The upper end of the secondary pipe diameter is provided with a secondary mixed phase inlet and a secondary bracket type spiral flow passage; 8 first-stage and second-stage fixed foot frames are welded on the outer wall of the first-stage and second-stage fixed ring; the first-stage fixing foot rest is hooked with the first-stage negative hook on the inner wall of the first-stage pipe diameter, so that the second-stage pipe diameter is fixed at the axis position of the first-stage pipe diameter; the top end of the secondary pipe diameter is provided with a secondary thread for lengthening the secondary pipe diameter under the special working condition requirement; a second-stage positive hook is welded on the outer wall of the second-stage pipe diameter and used for fixing the second-stage pipe diameter at the axial center of the first-stage pipe diameter; a second-stage negative hook is welded on the inner wall of the second-stage pipe diameter and used for fixing the third-stage pipe diameter at the axial center position of the second-stage pipe diameter; a second-stage drain hole is formed at the bottom of the second-stage pipe diameter and used for draining water after second-stage separation out of the device; the second-stage positive hook on the outer wall of the second-stage pipe diameter is used for being hooked with the second-stage fixing ring, and the second-stage fixing ring is hooked with the first-stage negative hook through the second-stage fixing foot rest, so that the second-stage pipe diameter is fixed at the axial center position of the first-stage pipe diameter, and the oil phase can enter the second-stage pipe diameter to realize secondary separation of an oil-water mixed phase; the secondary support type spiral flow passage is fixed at the top end of the secondary pipe diameter through a fixing frame welded at the top end; the middle column section part of the second-stage bracket type spiral flow channel is provided with a second-stage flow guide cavity and a second-stage flow guide hole, and the second-stage flow guide cavity and the second-stage flow guide hole are used for preventing liquid from splashing and ensuring that mixed liquid enters the flow channel when the mixed liquid impacts the second-stage bracket type spiral flow channel.

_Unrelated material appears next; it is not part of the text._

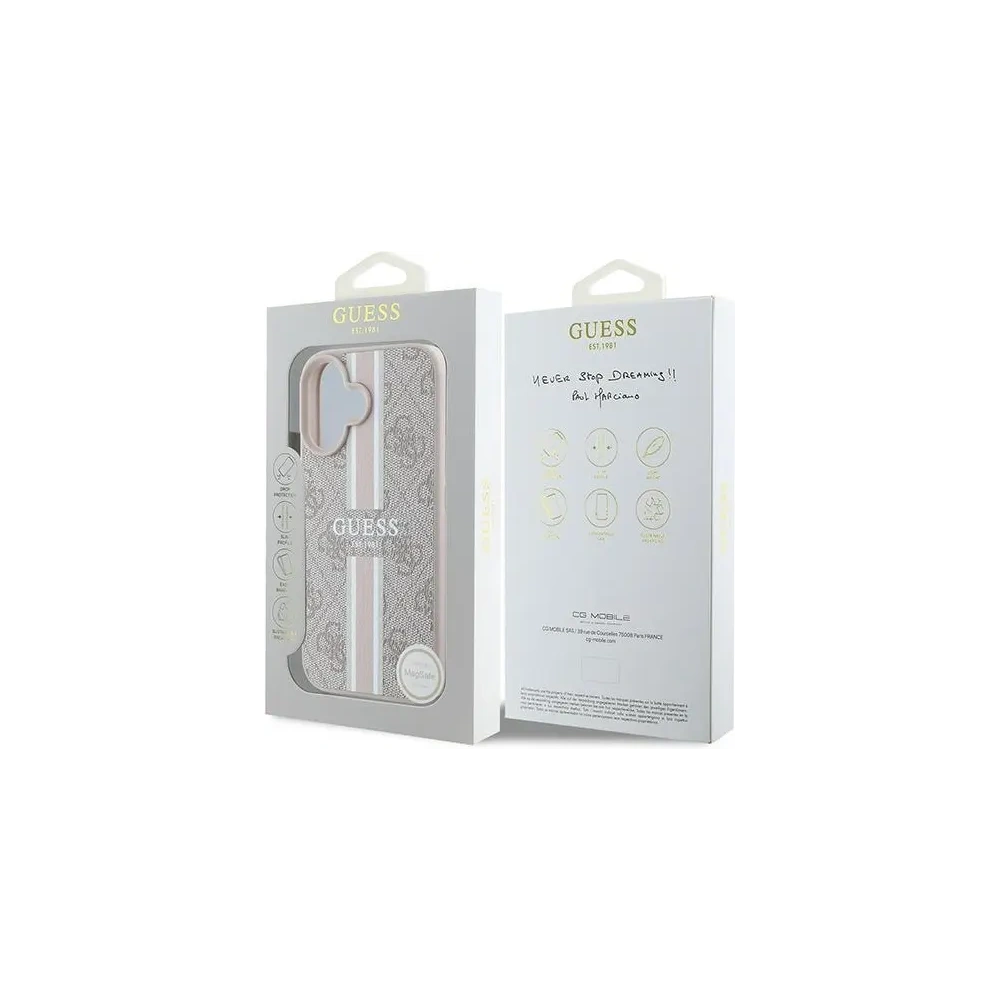 Hurtownia GSM - Guess GUHMP16MP4RPSP Apple iPhone 16 Plus ochranný kryt 4G s potiskem pruhů MagSafe růžový - GUE3615 - {ean13} - Hurt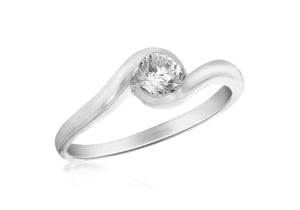 Sterling Silver White Zirconia  Stone Set Crossover Ring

The upper end of the third-stage pipe diameter is provided with a third-stage mixed phase inlet and a third-stage bracket type spiral flow passage; the third-stage pipe diameter is hooked with a second-stage and third-stage fixing rings through a third-stage positive hook welded on the outer wall of the third-stage pipe diameter, and then the second-stage and third-stage fixing rings are hooked with a second-stage negative hook to ensure that the third-stage pipe diameter is fixed at the axial center position of the second-stage pipe diameter, so that a mixed phase enters the third-stage pipe diameter; the mixed liquid after the second-stage cyclone separation enters a third-stage pipe diameter from a third-stage mixed phase inlet and a third-stage flow guide cavity; the mixed liquid in the third-stage diversion cavity and the mixed phase in the mixed phase inlet enter the third-stage support type spiral flow passage together; under the action of cyclone separation, the water phase moves to the side wall of the third-stage pipe diameter and is finally discharged out of the device through a third-stage drain hole and collected, and the oil phase is gathered towards the axial center of the third-stage pipe diameter and is finally discharged out of the device through a third-stage oil phase outlet; the outlet end of the third-stage oil phase is welded with a bottom flange.
The second-stage fixing ring fixes the second-stage pipe diameter at the axial center position of the first-stage pipe diameter; the two-stage and three-stage fixing rings fix the three-stage pipe diameter at the axial center position of the second-stage pipe diameter.
A connecting flange and a conical barrel joint internal thread are respectively arranged at the conical top end and the conical bottom end of the conical barrel joint; the inner thread of the conical barrel joint is matched with the outer thread of the cover plate, and the conical barrel joint is fixedly connected with the primary cover plate type spiral flow passage; the connecting flange is used for being connected with a flange in an actual working condition, so that a mixed phase enters the separation device from a mixed phase inlet.
The oil-water mixed phase after the primary cyclone separation enters the secondary pipe diameter from the secondary mixed phase inlet and the secondary flow guide cavity; the mixed phase flowing in from the second-stage flow guide cavity flows into the flow channel of the second-stage support type spiral flow channel together with the mixed phase flowing in from the mixed phase inlet after flowing out from the second-stage flow guide hole; finally, the mixture enters a third-stage pipe diameter fixed by a second-stage and third-stage fixed ring to be separated at the next stage.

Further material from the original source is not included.